■ Task directions
Reproduce the complete set of records exactly. No picture is to appear in the copy.

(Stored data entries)
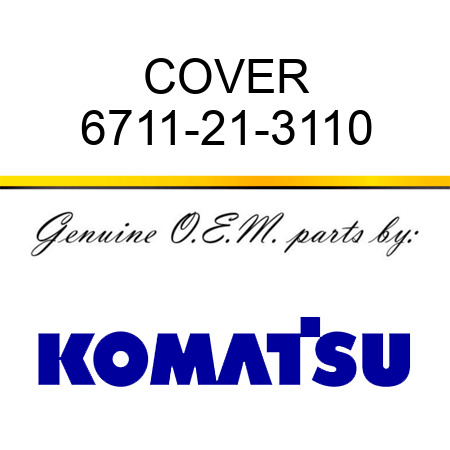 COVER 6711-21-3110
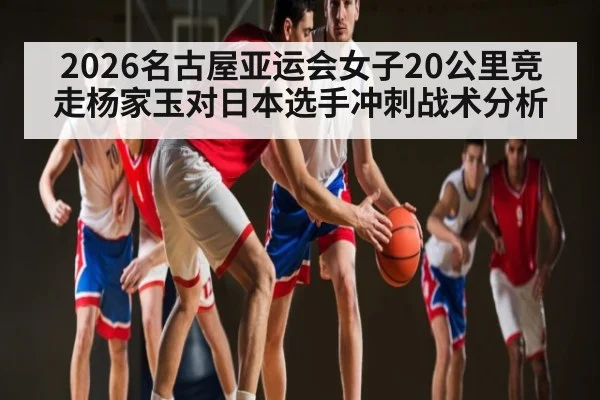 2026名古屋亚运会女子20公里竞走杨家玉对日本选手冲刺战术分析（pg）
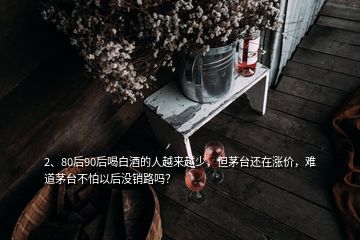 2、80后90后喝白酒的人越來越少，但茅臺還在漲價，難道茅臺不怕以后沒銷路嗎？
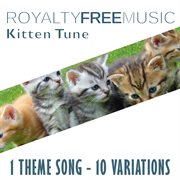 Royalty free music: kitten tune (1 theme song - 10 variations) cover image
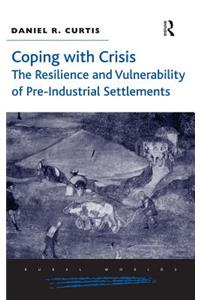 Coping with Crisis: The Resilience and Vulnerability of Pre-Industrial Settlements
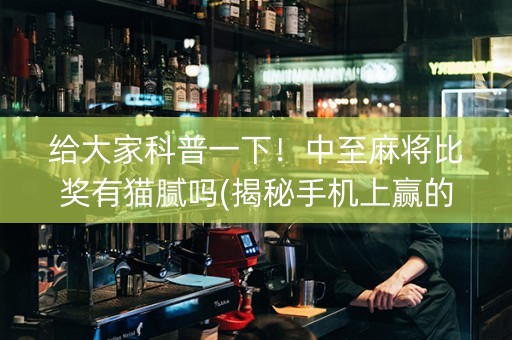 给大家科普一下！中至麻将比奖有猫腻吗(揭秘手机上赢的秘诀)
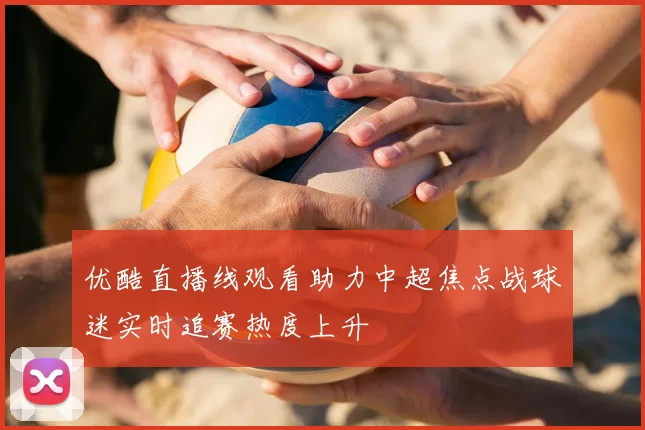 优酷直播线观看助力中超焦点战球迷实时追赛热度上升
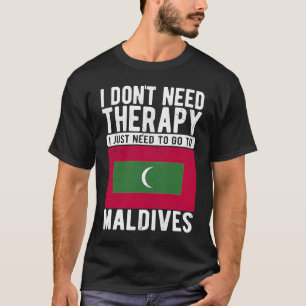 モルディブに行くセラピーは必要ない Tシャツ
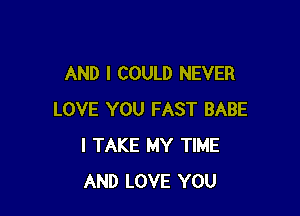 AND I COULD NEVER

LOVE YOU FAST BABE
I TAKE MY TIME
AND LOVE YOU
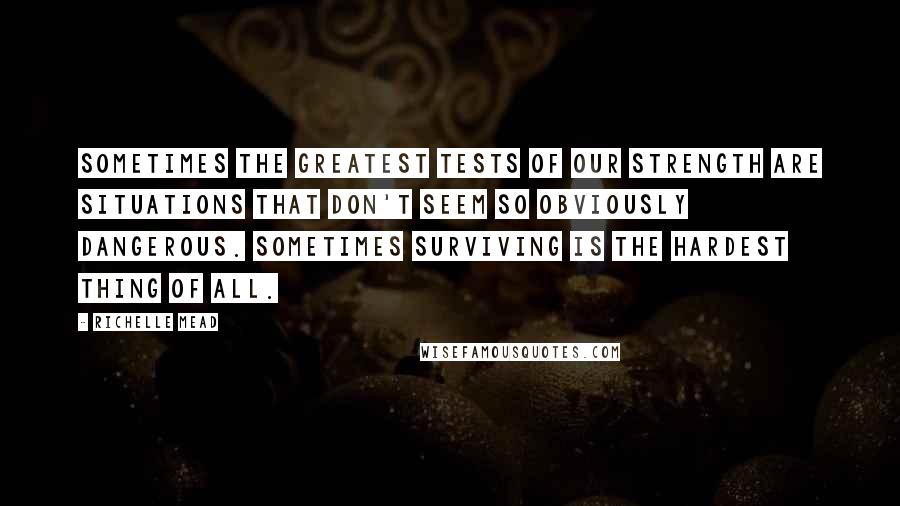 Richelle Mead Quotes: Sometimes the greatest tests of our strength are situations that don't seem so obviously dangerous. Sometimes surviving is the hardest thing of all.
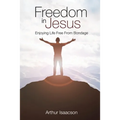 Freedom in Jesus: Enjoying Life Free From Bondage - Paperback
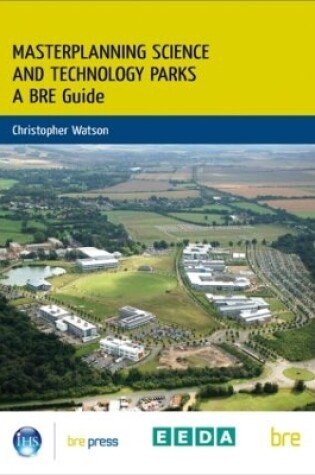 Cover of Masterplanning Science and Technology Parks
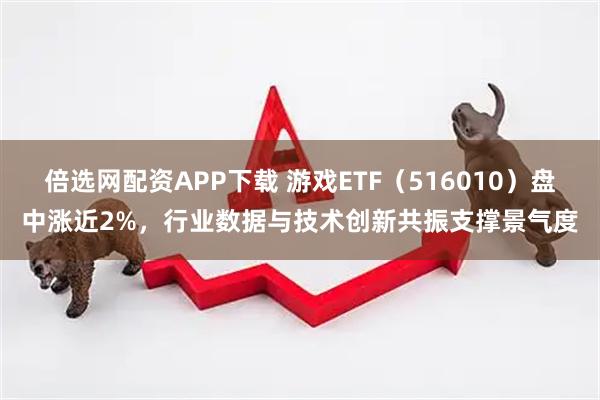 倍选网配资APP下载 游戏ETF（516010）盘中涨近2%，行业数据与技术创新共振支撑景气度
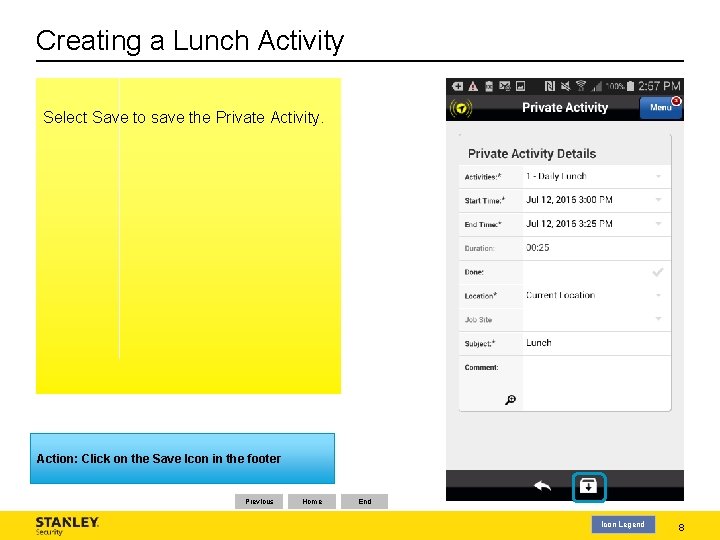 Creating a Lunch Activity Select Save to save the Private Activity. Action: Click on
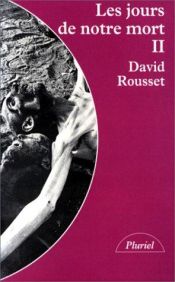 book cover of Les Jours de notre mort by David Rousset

■ Exercise output
 COVER 6711-21-3110
 2026名古屋亚运会女子20公里竞走杨家玉对日本选手冲刺战术分析（pg）
 2、80后90后喝白酒的人越來越少，但茅臺還在漲價，難道茅臺不怕以后沒銷路嗎？
 Royalty free music: kitten tune (1 theme song - 10 variations) cover image
 Coping with Crisis: The Resilience and Vulnerability of Pre-Industrial Settlements
 给大家科普一下！中至麻将比奖有猫腻吗(揭秘手机上赢的秘诀)
 优酷直播线观看助力中超焦点战球迷实时追赛热度上升
 モルディブに行くセラピーは必要ない Tシャツ
 AND I COULD NEVER

LOVE YOU FAST BABE
I TAKE MY TIME
AND LOVE YOU
 Richelle Mead Quotes: Sometimes the greatest tests of our strength are situations that don't seem so obviously dangerous. Sometimes surviving is the hardest thing of all.
 Freedom in Jesus: Enjoying Life Free From Bondage - Paperback
 Cover of Masterplanning Science and Technology Parks
 倍选网配资APP下载 游戏ETF（516010）盘中涨近2%，行业数据与技术创新共振支撑景气度
 Creating a Lunch Activity Select Save to save the Private Activity. Action: Click on
 book cover of Les Jours de notre mort by David Rousset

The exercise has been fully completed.